Ce qui se passe actuellement en Libye est différent. En Tunisie
et en Egypte, le manque de libertés était flagrant. Mais
ce sont les conditions sociales déplorables qui ont véritablement
poussé les jeunes à la révolte. Tunisiens et Egyptiens
n’avaient aucune possibilité d’entrevoir un avenir.
En Libye, le régime de Mouammar Kadhafi est corrompu, monopolise
une grande partie des richesses et a toujours réprimé sévèrement
toute contestation. Mais les conditions sociales des Libyens sont meilleures
que dans les pays voisins. L’espérance de vie en Libye est
plus importante que dans le reste de l’Afrique. Les systèmes
de santé et d’éducation sont convenables. La Libye
est d’ailleurs l’un des premiers pays africains à avoir
éradiqué la malaria. Même s’il y a de fortes
inégalités dans la répartition des richesses, le
PIB par habitant est d’environ 11.000 dollars. Un des plus élevés
du monde arabe. Vous ne retrouvez donc pas en Libye les mêmes conditions
objectives qui ont conduit aux révoltes populaires en Tunisie et
en Egypte.
Comment expliquez-vous alors ce qui se passe en Libye ?
Pour bien comprendre les événements actuels,
nous devons les replacer dans leur contexte historique.
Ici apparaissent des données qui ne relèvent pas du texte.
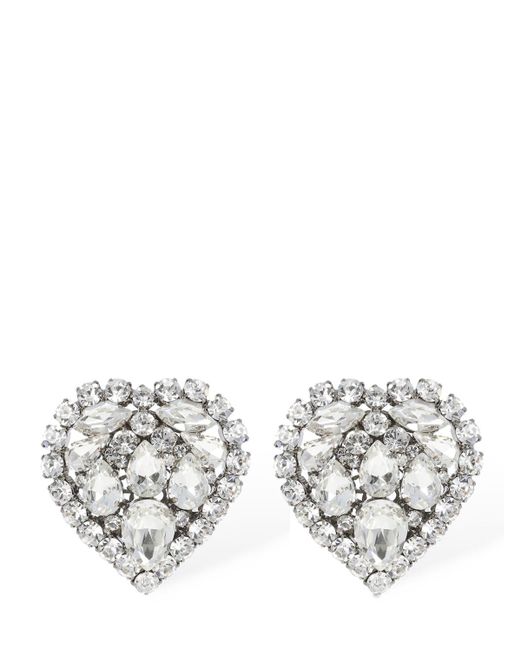 Alessandra Rich White Crystal Heart Earrings
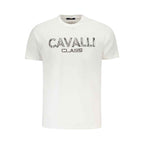 Cavalli Class White Cotton Men T-Shirt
La Libye était
autrefois une province ottomane. En 1830, la France s’empara de
l’Algérie. Par ailleurs, le gouverneur égyptien Mohamed
Ali, sous tutelle de l’Empire ottoman, menait une politique de plus
en plus indépendante. Avec, d’une part, les Français
en Algérie et, d’autre part, Mohamed Ali en Egypte, les Ottomans
craignaient de perdre le contrôle de la région : ils envoyèrent
leurs troupes en Libye.
A cette époque, la confrérie des Senoussis exerçait
une influence très forte dans le pays. Elle avait été
fondée par Sayid Mohammed Ibn Ali as Senoussi, un Algérien
qui, après avoir étudié dans son pays et au Maroc,
alla prêcher sa vision de l’islam en Tunisie et en Libye.
Au début du 19ème siècle, Senoussi commençait
à faire de nombreux adeptes, mais n’était pas bien
perçu par certaines autorités religieuses ottomanes qu' il
critiquait dans ses prêches. après un passage en Egypte et
à la Mecque, Senoussi décida de s’exiler définitivement
en Cyrénaïque, dans l’est de la Libye.
Sa confrérie s’y développa et organisa la vie dans
la région, y percevant des taxéès, résolvant les conflits
entre les tribus, etc. Elle possédait même sa propre armée
et proposait ses services pour escorter les caravanes de commerçants
passant par là. Finalement, cette confrérie des Senoussis
devint le gouvernement de fait de la Cyrénaïque, étendant
même son influence jusque dans le nord du Tchad. Mais ensuite, les
puissances coloniales européennes s’implantèrent en
Afrique, divisant la partie sub-saharienne du continent. Cela eut un impact
négatif pour les Senoussis. L’invasion de la Libye par l’Italie
entama aussi sérieusement l’hégémonie de la
confrérie dans la région.
En 2008, l’Italie a versé des compensations
à la Libye pour les crimes coloniaux. La colonisation avait été
à ce point terrible ? Ou bien Berlusconi voulait se faire bien
voir pour conclure des accords commerciaux avec Kadhafi ?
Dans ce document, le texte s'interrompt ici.